Ryan Sleevi sleevi at google.com
Thu Mar 10 19:11:47 MST 2016


On Thu, Mar 10, 2016 at 6:00 PM, Dean Coclin <Dean_Coclin at symantec.com>
wrote:
>
>
>
> >>I don’t think I asked for a “guarantee”, only an expression of
> assistance. To date, the communication has been fairly negative which
> doesn’t exude much faith from the requestors.
>

Understanding the scope of the problem, the nature of how the problem came
to be, the nature of what's being requested, and the time frame in which
the process will work are all key facets to determining whether or not an
exception can or should be granted.

Again, I want to reiterate - without public discussion, there can simply be
no exception from our end, and any CA that issues is at risk of action,
including distrust, in order to protect users from that CA.

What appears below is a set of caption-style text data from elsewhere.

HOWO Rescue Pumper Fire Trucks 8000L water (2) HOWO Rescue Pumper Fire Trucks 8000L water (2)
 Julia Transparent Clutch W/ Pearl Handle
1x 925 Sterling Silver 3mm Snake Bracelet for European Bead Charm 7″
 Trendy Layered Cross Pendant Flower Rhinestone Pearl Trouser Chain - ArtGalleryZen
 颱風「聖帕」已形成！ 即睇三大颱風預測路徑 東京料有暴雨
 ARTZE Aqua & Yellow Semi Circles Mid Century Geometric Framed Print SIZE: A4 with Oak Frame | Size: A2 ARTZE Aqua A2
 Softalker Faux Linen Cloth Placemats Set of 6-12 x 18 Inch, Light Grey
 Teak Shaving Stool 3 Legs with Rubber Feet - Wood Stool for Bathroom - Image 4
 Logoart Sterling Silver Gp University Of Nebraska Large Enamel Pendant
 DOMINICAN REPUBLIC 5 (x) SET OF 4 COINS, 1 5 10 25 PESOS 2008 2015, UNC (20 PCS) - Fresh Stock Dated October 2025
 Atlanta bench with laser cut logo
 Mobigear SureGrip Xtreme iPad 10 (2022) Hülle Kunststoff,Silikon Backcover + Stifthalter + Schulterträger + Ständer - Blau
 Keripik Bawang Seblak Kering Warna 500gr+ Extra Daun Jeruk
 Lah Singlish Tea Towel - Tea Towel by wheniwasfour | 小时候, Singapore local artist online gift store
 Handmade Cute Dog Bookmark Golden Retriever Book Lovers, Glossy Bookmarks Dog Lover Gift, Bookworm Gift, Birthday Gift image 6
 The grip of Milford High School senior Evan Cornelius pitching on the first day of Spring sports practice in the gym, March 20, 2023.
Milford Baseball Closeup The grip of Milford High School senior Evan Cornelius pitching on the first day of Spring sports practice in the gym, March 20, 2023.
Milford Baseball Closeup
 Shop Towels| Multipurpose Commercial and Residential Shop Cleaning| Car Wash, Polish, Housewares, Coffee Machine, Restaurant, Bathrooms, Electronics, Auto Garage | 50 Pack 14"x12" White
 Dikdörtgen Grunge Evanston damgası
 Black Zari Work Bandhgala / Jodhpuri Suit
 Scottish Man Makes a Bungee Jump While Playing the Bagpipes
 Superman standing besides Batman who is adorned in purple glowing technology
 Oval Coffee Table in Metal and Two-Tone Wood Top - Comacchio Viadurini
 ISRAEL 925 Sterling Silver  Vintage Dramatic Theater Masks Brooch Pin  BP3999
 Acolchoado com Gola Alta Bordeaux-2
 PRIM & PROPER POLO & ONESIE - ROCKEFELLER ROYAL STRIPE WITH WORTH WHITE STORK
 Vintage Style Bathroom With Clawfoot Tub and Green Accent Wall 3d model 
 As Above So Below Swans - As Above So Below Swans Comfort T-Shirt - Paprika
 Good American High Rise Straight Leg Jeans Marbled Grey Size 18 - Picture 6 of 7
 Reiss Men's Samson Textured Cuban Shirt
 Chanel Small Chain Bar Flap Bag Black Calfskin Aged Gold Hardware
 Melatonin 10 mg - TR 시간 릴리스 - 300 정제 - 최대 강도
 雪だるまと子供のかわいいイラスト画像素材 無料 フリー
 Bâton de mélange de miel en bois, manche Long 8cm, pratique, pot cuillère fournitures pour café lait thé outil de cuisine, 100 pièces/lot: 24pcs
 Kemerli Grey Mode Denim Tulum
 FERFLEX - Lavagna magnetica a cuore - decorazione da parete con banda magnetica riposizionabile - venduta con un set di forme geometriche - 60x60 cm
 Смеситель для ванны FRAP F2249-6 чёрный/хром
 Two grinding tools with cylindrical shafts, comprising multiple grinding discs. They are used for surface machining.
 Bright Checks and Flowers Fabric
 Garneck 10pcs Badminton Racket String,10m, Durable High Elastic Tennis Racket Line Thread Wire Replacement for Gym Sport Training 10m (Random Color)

> But I’m curious what “solution” will be explored given all the information
> I’ve provided. I don’t know what other information you expect to gain by
> talking directly to the end users. The “what, when, why and how” asked in
> the initial email have been answered.
>

They have not. I appreciate your view that it has been, but you can't show
answers to the specific questions enumerated, then it doesn't help
understand either the present situation or how to avoid this.

I welcome and appreciate if parties who are affected can reply to the
specific set of questions posed, but without that, there really is no
further room for discussion.


> All you’re missing is the “who”.   It could be Big Bank of the East or
> Contoso Corp. How does that help determine a solution? Are you saying the
> name of the company will dictate the solution?
>

I think having a party to directly communicate with, rather than a CA who
directly financially benefits, is a reasonable request.

I think it's relevant to the public interest to know specifically which
parties are requesting an exception that places the global Internet at risk.

I think it's relevant to be able to ask follow-up questions to the named
party, rather than through an intermediate who would benefit from
arbitrarily delaying the conversation, is beneficial. For example, WorldPay
was granted by Mozilla because of the exigent circumstances that prevented
any reasonable public discussion or debate. It's certainly reasonable to
expect that future customers may benefit from this. It's hard not to view
the objection to having those parties come forward as, in part, a means of
delaying the opportunity to explore a solution to them until the only
solutions viable are ones that benefit the CA and place users at risk.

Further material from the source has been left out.